Hitler couldn't drive, and lived to a ripe old age. Heydrich was a petrolhead and got shot by some Czechs. Fact that is.
I've just had my first driving lesson after two weeks in Kiev, and it shows. Junctions, signals, handbrakes - they're things that happen to other people.
My instructor is a tolerant man, and doesn't mind my echoing your tart commentaries on other drivers while backing his Corsa up onto the kerb at 30 mph.
M Ward, Boyo -
I'm intrigued by your theory that Hitler got National Socilaism together by driving up and down the M40 in a Renault Megane.

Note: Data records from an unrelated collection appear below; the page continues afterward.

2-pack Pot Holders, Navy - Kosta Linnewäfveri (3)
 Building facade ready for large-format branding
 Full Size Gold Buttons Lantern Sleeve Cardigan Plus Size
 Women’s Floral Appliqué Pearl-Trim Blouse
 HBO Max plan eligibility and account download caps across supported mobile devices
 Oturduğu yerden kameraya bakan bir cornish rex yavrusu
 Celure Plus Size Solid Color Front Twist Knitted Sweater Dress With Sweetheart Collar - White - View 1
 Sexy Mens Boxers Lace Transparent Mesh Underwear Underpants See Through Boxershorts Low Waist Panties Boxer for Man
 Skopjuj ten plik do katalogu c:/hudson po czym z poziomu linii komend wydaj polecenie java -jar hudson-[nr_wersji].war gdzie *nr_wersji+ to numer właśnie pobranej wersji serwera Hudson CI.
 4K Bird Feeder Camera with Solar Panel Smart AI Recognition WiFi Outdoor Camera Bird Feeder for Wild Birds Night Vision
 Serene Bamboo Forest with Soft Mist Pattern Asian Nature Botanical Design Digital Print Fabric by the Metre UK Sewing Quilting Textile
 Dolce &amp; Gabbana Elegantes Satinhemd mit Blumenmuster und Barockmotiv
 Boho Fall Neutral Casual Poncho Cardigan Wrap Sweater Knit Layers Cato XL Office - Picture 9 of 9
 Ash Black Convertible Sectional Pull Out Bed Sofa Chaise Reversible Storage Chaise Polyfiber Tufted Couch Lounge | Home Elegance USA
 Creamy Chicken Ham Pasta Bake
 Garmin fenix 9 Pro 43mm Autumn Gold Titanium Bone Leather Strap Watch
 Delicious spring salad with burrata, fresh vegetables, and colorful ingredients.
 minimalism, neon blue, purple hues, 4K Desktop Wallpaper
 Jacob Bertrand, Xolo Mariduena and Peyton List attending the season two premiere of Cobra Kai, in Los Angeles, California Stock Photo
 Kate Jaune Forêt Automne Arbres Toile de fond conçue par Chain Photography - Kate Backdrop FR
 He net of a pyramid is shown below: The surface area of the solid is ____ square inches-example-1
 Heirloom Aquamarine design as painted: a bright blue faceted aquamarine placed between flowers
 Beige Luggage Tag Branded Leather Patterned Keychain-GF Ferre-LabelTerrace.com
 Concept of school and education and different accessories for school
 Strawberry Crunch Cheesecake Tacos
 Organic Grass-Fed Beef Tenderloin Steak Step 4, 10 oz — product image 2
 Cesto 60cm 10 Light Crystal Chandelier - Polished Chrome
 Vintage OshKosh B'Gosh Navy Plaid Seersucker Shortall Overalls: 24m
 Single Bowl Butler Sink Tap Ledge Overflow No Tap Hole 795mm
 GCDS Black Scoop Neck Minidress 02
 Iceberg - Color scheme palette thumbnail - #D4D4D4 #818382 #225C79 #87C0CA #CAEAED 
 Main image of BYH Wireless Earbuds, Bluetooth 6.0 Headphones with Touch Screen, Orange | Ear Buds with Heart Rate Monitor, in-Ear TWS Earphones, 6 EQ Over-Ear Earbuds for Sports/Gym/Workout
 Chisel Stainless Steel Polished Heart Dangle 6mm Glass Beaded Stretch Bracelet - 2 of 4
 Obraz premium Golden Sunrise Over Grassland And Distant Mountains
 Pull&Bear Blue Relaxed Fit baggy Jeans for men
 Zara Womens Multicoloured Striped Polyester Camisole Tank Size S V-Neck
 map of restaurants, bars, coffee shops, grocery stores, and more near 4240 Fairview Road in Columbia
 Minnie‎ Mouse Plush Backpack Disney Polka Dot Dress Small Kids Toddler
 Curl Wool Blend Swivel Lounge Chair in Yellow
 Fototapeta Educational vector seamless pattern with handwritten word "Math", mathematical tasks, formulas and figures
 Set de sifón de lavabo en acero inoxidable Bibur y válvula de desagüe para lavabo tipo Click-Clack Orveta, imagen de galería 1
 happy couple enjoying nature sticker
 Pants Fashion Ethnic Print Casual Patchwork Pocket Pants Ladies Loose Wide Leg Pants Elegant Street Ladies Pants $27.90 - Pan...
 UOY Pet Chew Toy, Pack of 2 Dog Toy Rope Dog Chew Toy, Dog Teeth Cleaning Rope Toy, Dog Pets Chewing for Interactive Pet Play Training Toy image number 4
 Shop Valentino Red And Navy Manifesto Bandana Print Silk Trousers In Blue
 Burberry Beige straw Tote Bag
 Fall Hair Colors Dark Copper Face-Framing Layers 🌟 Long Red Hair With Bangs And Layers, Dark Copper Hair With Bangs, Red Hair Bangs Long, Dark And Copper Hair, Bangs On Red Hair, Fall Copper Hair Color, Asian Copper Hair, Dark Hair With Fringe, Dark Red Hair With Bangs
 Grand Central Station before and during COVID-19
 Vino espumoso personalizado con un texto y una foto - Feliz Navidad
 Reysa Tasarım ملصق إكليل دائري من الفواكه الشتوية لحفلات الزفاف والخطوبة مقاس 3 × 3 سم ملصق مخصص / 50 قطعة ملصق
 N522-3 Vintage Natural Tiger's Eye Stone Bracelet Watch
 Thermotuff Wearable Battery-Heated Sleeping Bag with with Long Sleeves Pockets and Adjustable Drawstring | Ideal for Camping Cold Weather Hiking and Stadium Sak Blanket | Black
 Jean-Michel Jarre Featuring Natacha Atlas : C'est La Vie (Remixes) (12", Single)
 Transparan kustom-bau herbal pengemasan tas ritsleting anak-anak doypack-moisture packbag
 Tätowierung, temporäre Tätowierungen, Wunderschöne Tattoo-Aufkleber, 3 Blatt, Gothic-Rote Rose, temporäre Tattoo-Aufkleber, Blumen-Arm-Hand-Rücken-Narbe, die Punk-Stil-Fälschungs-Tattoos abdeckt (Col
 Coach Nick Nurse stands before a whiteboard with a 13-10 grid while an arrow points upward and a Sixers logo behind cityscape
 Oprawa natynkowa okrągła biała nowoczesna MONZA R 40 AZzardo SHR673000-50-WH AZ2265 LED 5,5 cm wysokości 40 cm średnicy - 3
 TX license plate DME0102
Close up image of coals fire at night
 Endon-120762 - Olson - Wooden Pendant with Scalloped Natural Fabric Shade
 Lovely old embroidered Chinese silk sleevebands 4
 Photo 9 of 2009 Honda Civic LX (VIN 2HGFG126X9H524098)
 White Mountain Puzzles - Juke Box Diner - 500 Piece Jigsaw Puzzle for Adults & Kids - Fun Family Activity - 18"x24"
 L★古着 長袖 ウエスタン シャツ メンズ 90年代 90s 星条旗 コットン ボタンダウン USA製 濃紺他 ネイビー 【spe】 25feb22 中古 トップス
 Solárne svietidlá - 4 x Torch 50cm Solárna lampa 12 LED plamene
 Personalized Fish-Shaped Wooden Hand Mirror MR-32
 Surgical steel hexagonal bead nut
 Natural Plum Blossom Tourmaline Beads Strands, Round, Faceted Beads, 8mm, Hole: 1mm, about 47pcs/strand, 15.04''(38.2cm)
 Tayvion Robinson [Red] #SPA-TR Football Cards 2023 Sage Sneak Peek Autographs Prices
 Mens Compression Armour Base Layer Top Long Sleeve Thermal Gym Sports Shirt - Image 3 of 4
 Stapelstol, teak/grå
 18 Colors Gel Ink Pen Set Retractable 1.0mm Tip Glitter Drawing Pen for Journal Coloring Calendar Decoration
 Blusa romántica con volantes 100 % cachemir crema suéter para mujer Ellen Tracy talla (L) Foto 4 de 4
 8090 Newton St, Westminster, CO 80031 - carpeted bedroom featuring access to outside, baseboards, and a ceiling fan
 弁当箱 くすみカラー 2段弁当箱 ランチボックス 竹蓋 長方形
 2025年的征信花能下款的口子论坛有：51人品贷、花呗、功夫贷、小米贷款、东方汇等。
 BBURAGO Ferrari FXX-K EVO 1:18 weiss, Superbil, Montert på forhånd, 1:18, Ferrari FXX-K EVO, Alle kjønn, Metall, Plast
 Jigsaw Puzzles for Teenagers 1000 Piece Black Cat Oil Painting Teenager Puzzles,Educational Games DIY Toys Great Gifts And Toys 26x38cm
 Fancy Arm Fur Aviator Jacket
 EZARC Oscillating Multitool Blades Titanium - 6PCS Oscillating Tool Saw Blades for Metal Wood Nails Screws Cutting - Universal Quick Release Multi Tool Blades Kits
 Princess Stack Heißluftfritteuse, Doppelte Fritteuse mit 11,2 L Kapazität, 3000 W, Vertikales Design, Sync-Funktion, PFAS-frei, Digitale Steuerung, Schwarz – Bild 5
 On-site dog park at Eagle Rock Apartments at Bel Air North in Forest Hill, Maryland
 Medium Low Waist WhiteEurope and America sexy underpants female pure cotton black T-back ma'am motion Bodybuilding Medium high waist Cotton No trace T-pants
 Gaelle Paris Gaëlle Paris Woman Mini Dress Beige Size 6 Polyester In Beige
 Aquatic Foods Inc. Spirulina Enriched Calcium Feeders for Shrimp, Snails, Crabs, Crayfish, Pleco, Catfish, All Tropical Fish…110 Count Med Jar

Though now I come to analyse footage of his driving along a freshly-inaugurated autobahn in his open-top car, one can indeed lip-read the German and reveal him to be saying "Ja - vhy not cut in front of ze fuehrer in your vhite van, schreckliche untermensch?"
He was like that, the Fuehrer, very droll. But people only remember the bad things.
Hola mi amigos! 'Tis I, Shuvra ^_^
I too have a blog/website: http://wanabehuman.blogpsot.com - inspired by Master Jedi Scaryduck way back in 2005.
Wotcha Shuvra.
True vignette from the workplace: I show the Shuvster my blog, and his reaction is "Gosh - you're using your real name!"
So now the secret is out - I really am called Gyppo. And I'm a guinea-pig.
On the way to the shops the other day I saw a car with the customised number plate "JIPOH". I thought it might be you at first, but then noticed a tax disc.
Did you count the wheels? If it had four, it's probably not mine.
There were four, if you include the steering-wheel.